Analogamente, il contribuente che si accorge di avere erroneamente indicato i dati del sostituto d’imposta nel 730/2024, può predisporre un 730 integrativo barrando la relativa casella presente sul frontespizio indicando il codice 2 e inviarlo entro il prossimo 25 ottobre.
Se invece le modifiche comportano minor credito o maggior debito e se ci sono altre sezioni o righi del modello da modificare, è comunque necessario inviare un modello Redditi integrativo ma con il codice 3. In questo caso, la scadenza è il il 31 dicembre del quinto anno successivo a quello in cui è stata presentata la dichiarazione.

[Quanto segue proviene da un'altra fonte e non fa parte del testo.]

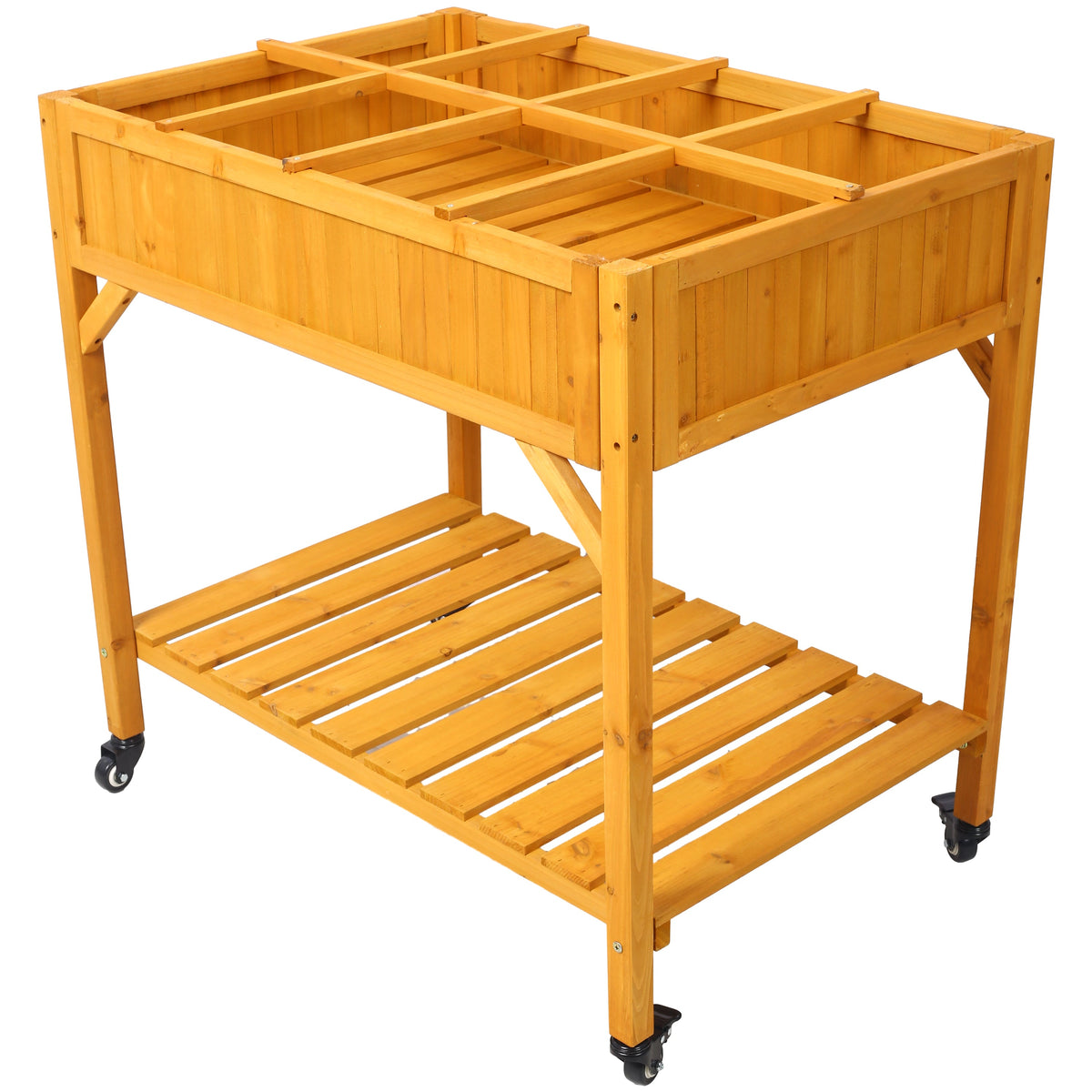 Elevated 8-pocket herb garden bed on fir wood with lockable wheels on Tampa Home & Garden Store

Il codice 1 serve infine nei casi in cui si trasmette nei termini una dichiarazione integrativa con nuove informazioni nello stesso anno d’imposta, tale che comporti un maggiore credito, un minor debito o un’imposta invariata.
Nel comparto Scuola, la situazione che ha descritto è piuttosto comune tra i lavoratori con contratti a termine. Il mancato accredito dei rimborsi IRPEF da 730 è spesso dovuta all’indicazione errata del sostituto d’imposta nella dichiarazione dei redditi, compresa la precompilata. Per i docenti precari è infatti la Ragioneria Provinciale dello Stato che si occupa della retribuzione del personale scolastico, non l’istituto scoltasio dove si presta servizio.
Fatta questa premessa, della procedura indicatale dall’impiegato dell’Agenzia delle Entrate (invio richiesta di rimborso iRPEF tramite modulo di compensazione contenente i dati corretti del sostituto d’imposta, con assistenza e/o intermedizione di un sindacato) non vi è alcuna indicazione sulle istruzioni di compilazione dei modelli dichiarativi o sul portale del Fisco né della Precompilata.
L’unica è confrontarsi con un CAF o direttamente con un sindacato, per verificare che non sia nei fatti una prassi comumenemtne adottata e confivisa con l’Amministrazione finanziaria, oppure per definire la strada più adatta da seguire nel suo caso.